On 8/2/2011 02:41, Adarsh Sharma wrote:
> Dear all,
>
> Just want to know which join is better for querying data faster.
>
> I have 2 tables A ( 70 GB ) & B ( 7 MB )
>
> A has 10 columns & B has 3 columns.Indexes exist on both tables's ids.
>
> select p.* from table A p, B q where p.id=q.id
>
> or
>
> select p.* from table B q , A p where q.id=p.id
>
>
> Thanks
>

There is no difference in performance.

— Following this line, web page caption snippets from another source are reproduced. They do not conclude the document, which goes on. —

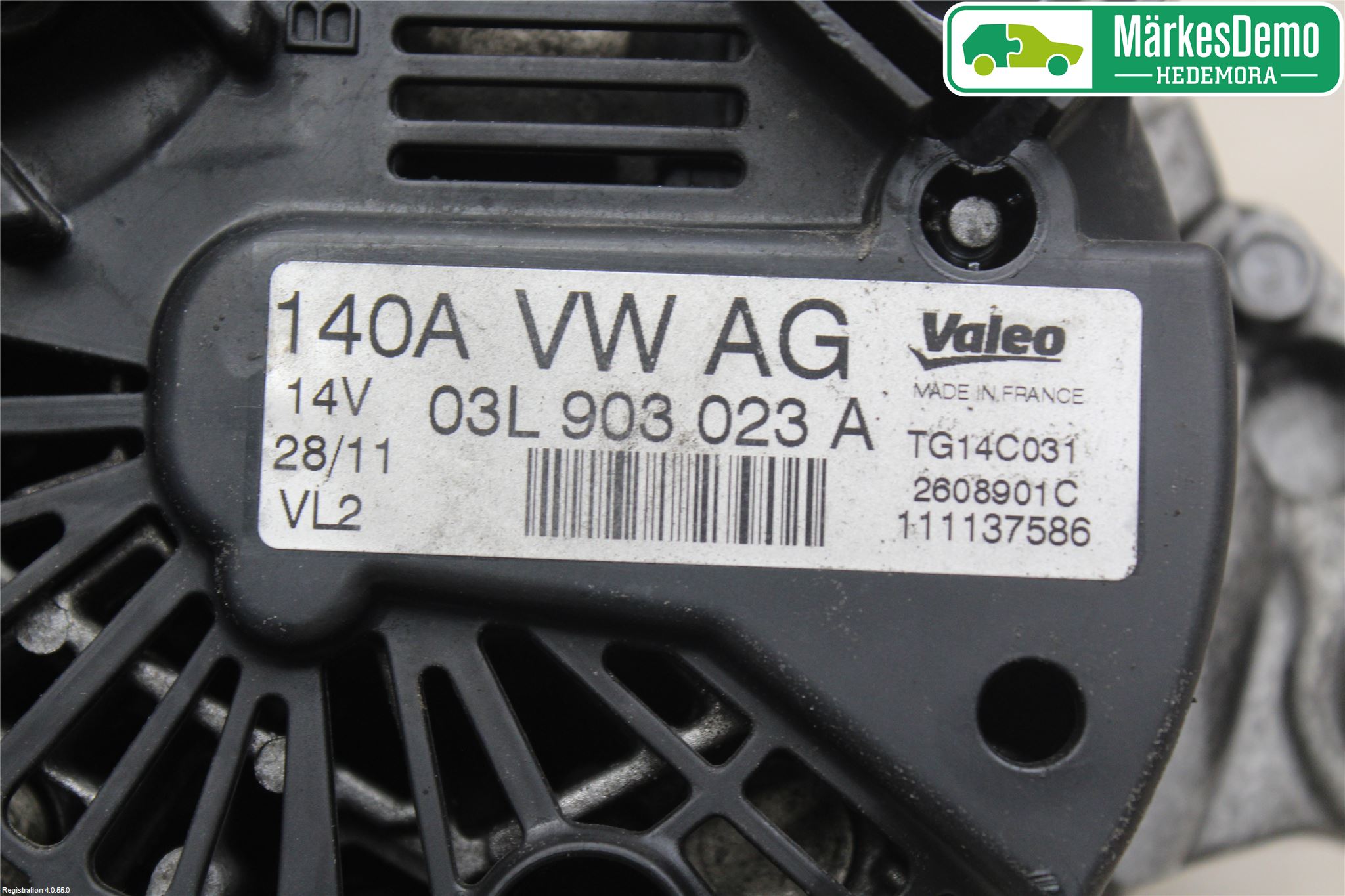 Volkswagen VW GOLF VI 09-13 Generator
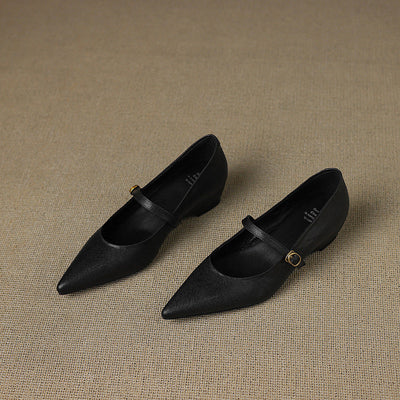 Elaine Genuine Leather High Heels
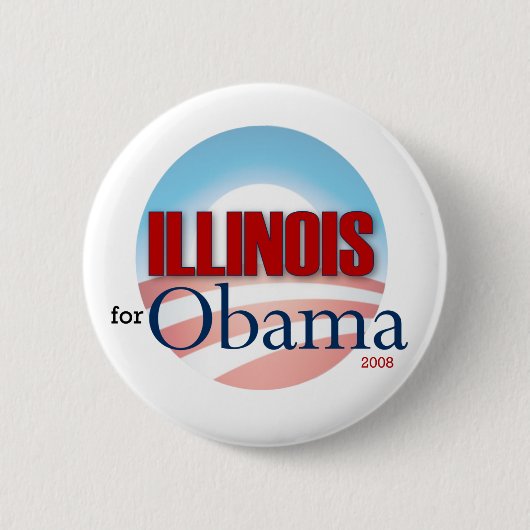 Illinois for Obama Ronde Button 5,7 Cm (Voorkant)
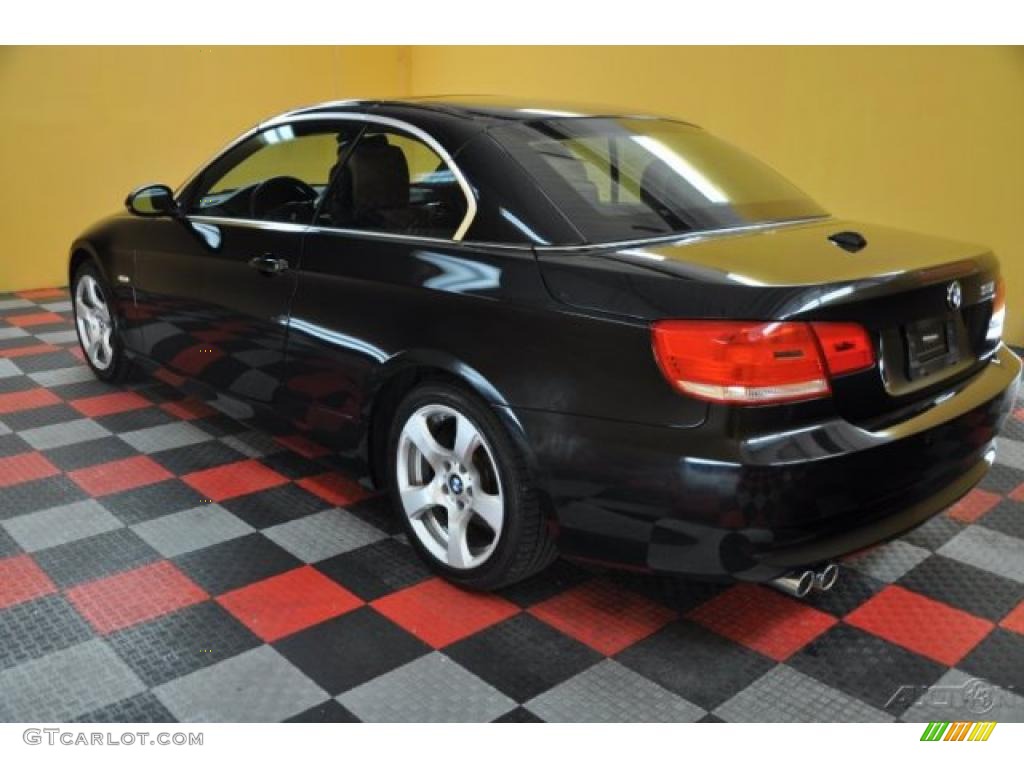 2007 3 Series 328i Convertible - Jet Black / Saddle Brown/Black photo #4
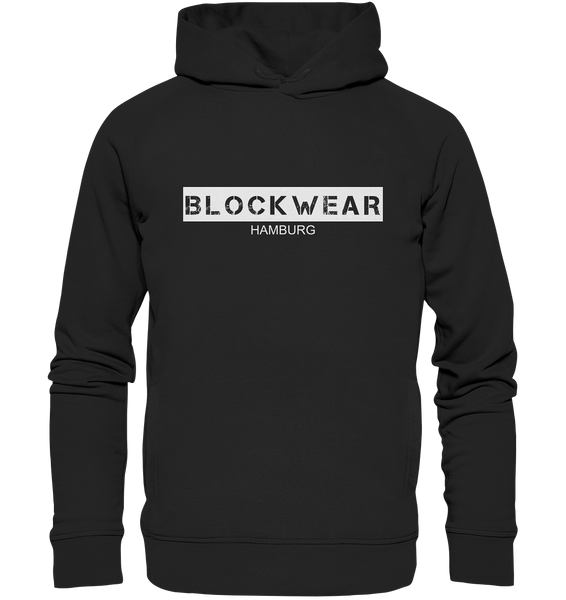 N.O.S.W. BLOCK Hoodie "BLOCKWEAR HAMBURG" Männer Organic Fashion Kapuzenpullover schwarz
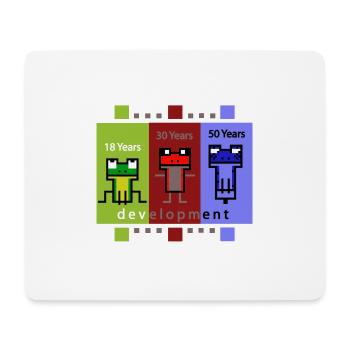 FrogDevelopment - Mouse Pad (horizontal) - white - Front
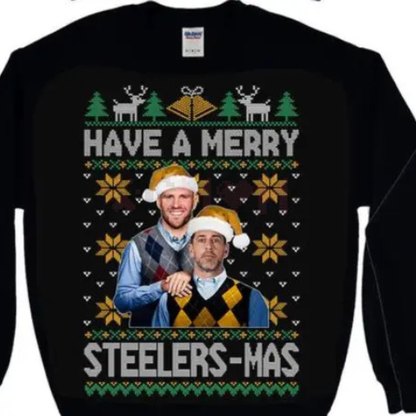 Vintage Funny Christmas Team Football Step Brothers Crewneck Sweatshirt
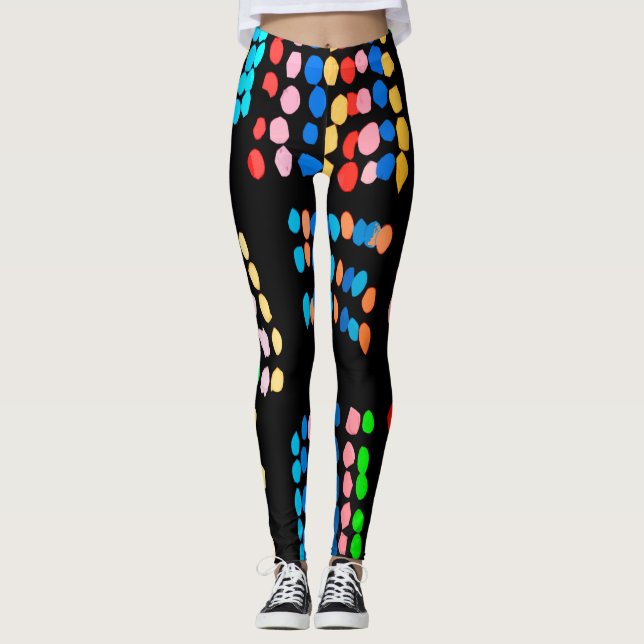Färgader Leggings (Framsida)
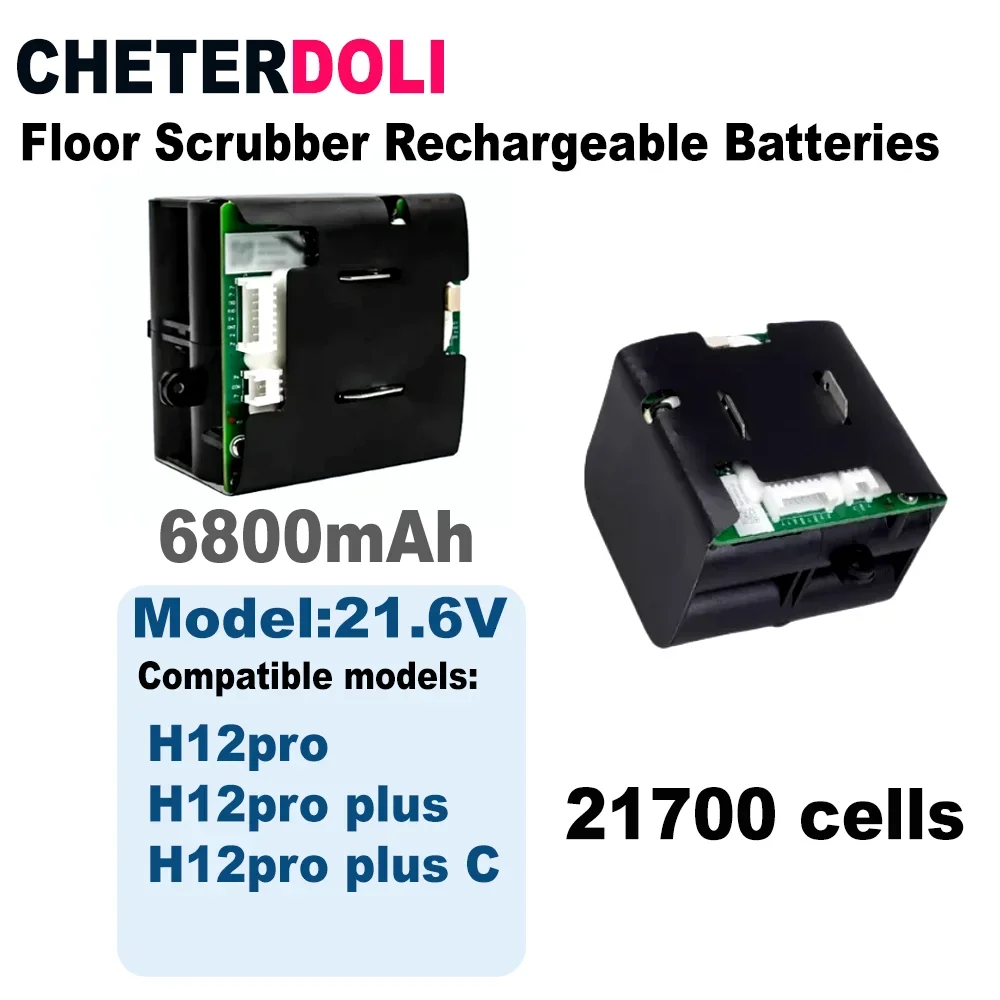 Фото CHETERDOLI 100% оригинальная литий-ионная аккумуляторная батарея емкостью 6800 мАч 21700 для пылесоса серии Dreame H11, M12, H12, M13 №3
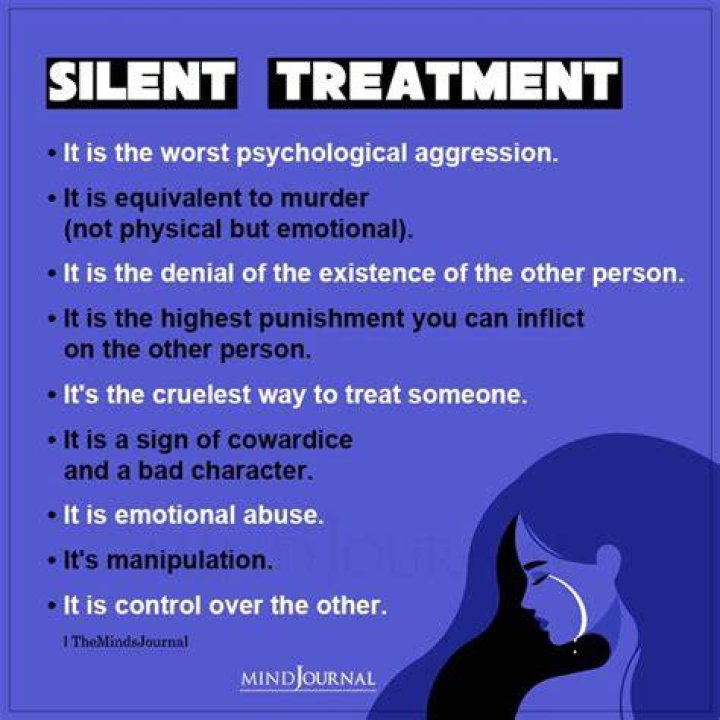 What does silent treatment do to a woman?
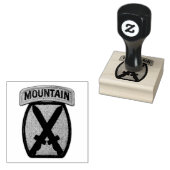 10e MTN Div MD Mountain Division Rubberstempel (Gestempeld)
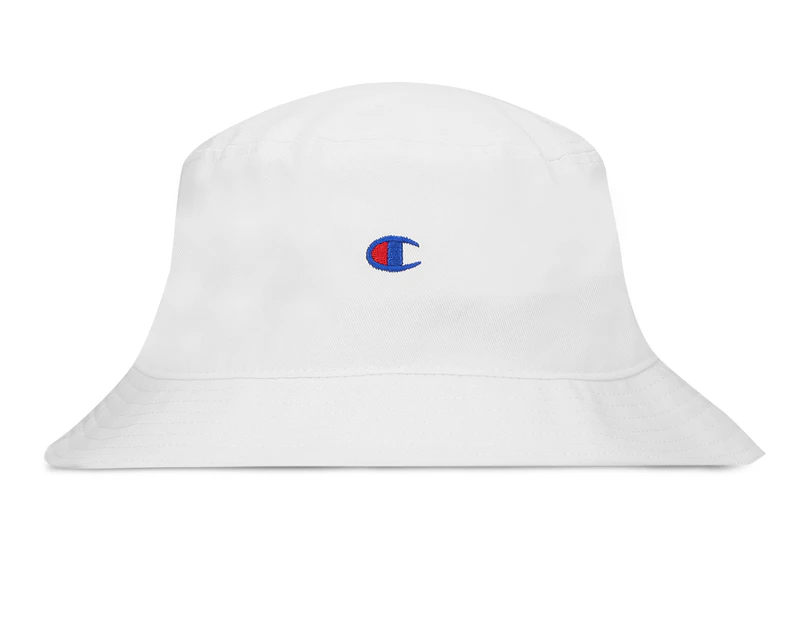 Champion C Logo Bucket Hat - White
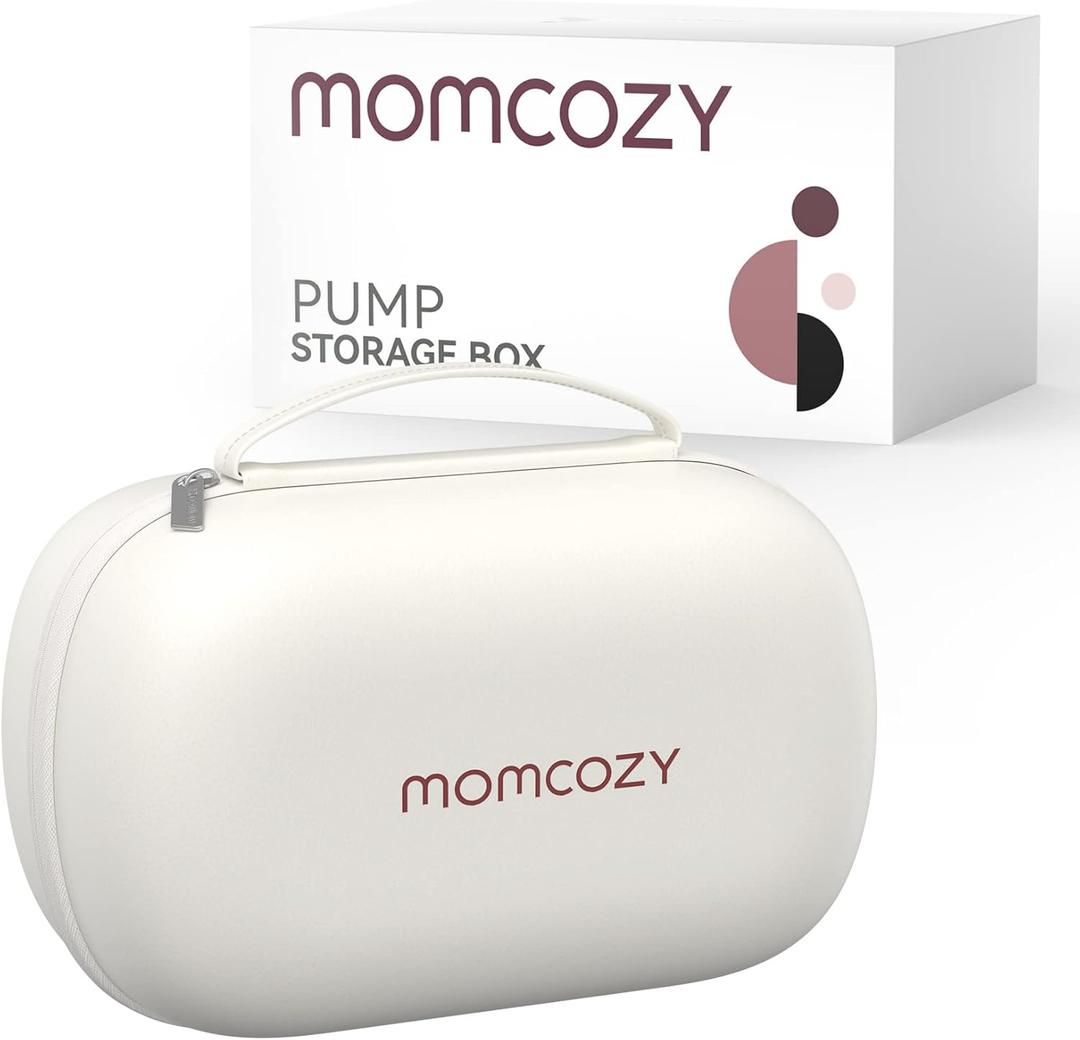 Momcozy Breast Pump Storage Bag, Hard Shell Case with Removable Tray, Watertight Breast Pump Storage Bag for Pumping Bag, Diaper Bag, or HandbagHolds 2 Pumps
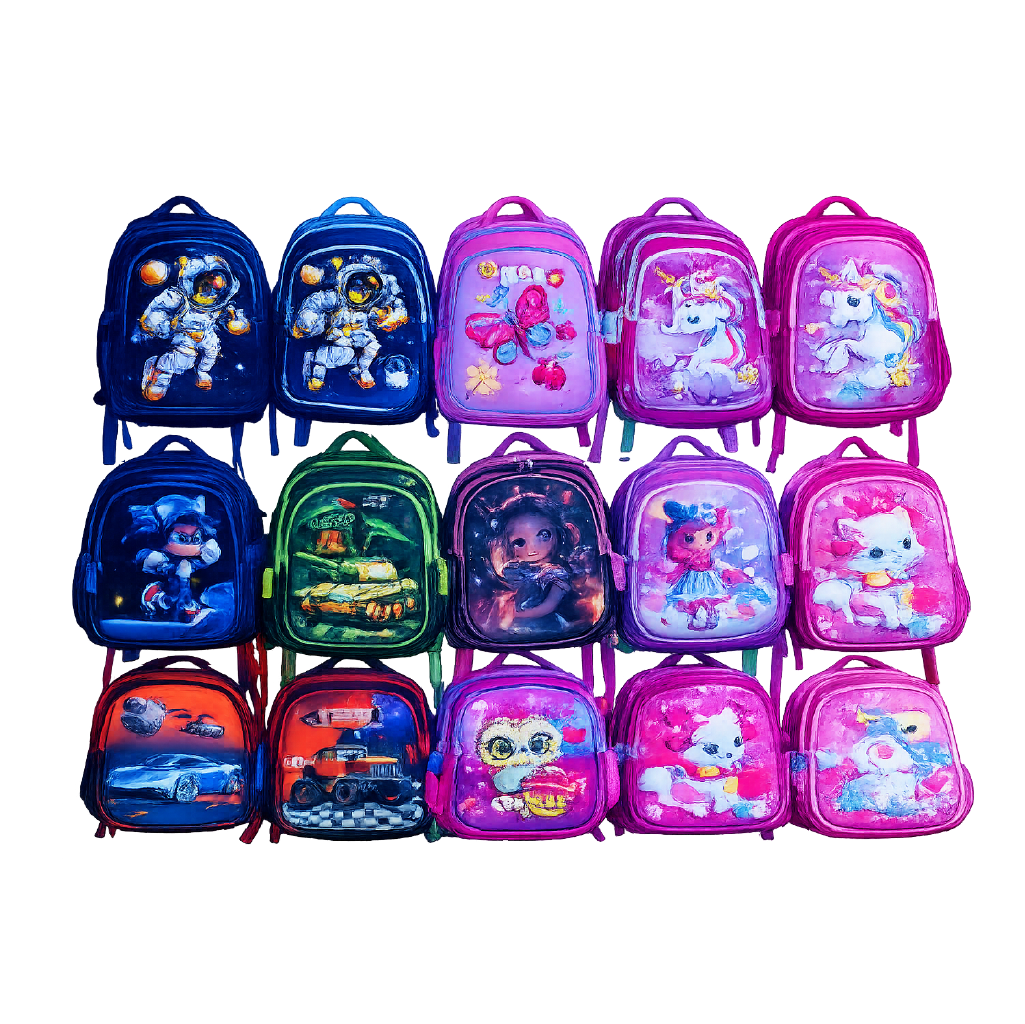 Set 3 en 1 Mochila + Lonchera + Cartuchera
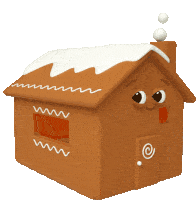 Gingerbread House Looks Cozy Sticker - Christmas Cheer Gingerbread House Chimney Stickers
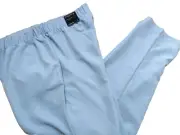 NWT Alfani Size L Straight Leg Comfort Waist Lt Blue Modal & Polyester Pants NEW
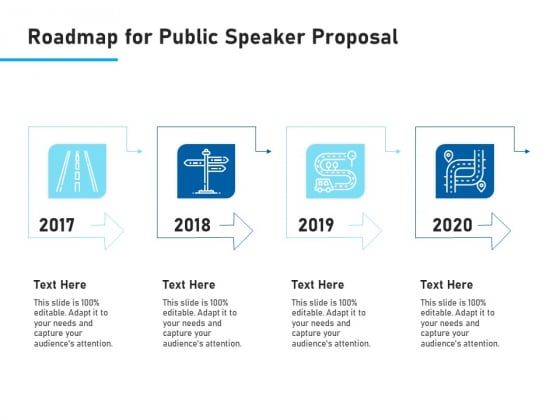 Conference Session Roadmap For Public Speaker Proposal Ppt Visual Aids Styles PDF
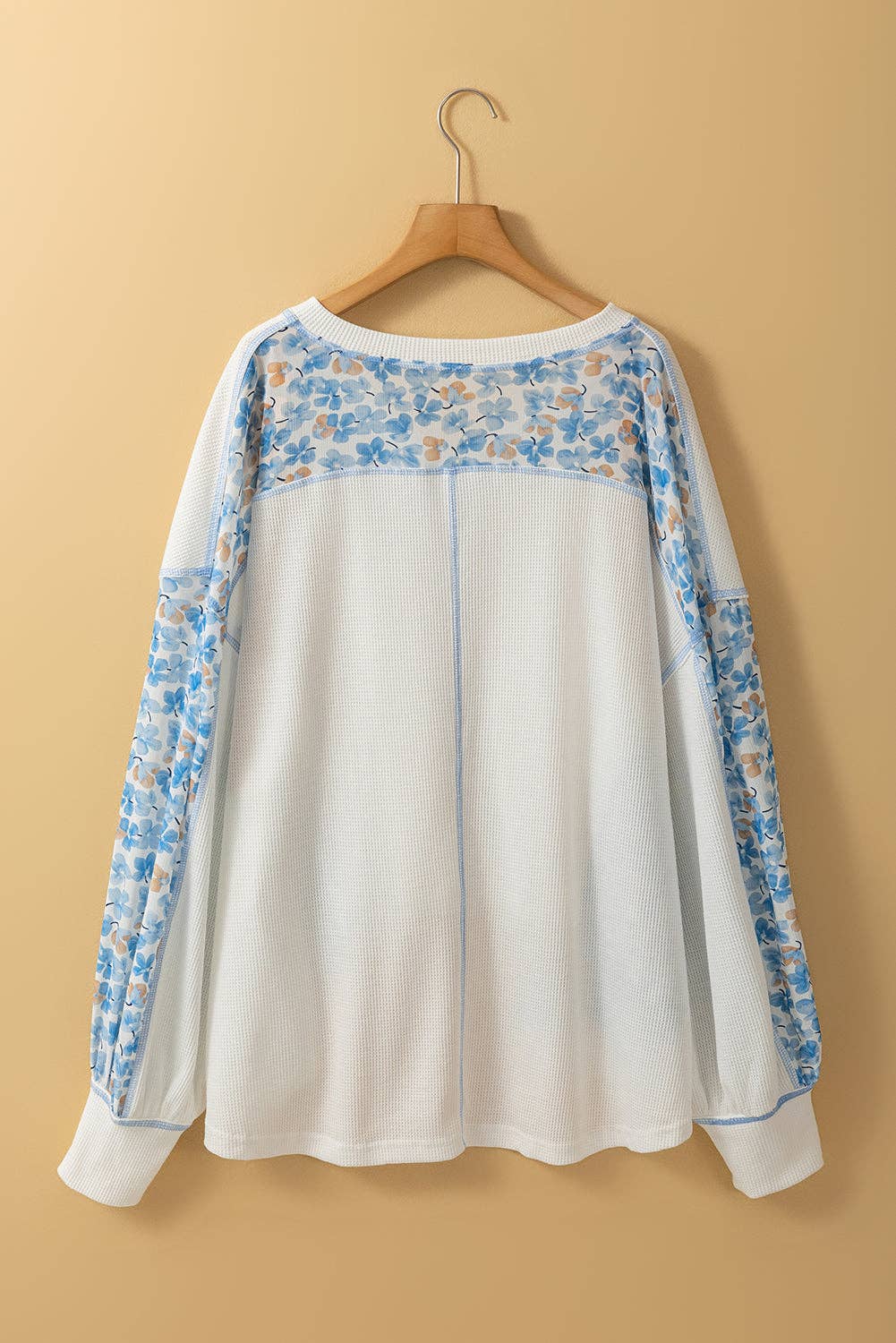 Sky Frost Floral Blouse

The optimizer will change the 
sequence it uses to read the tables according to its own rules.

If you had used STRAIGHT JOIN to force a particular execution path, the 
it would normally be faster to read the smaller table first.

-- 
Shawn Green
MySQL Principal Technical Support Engineer
Oracle USA, Inc. - Hardware and Software, Engineered to Work Together.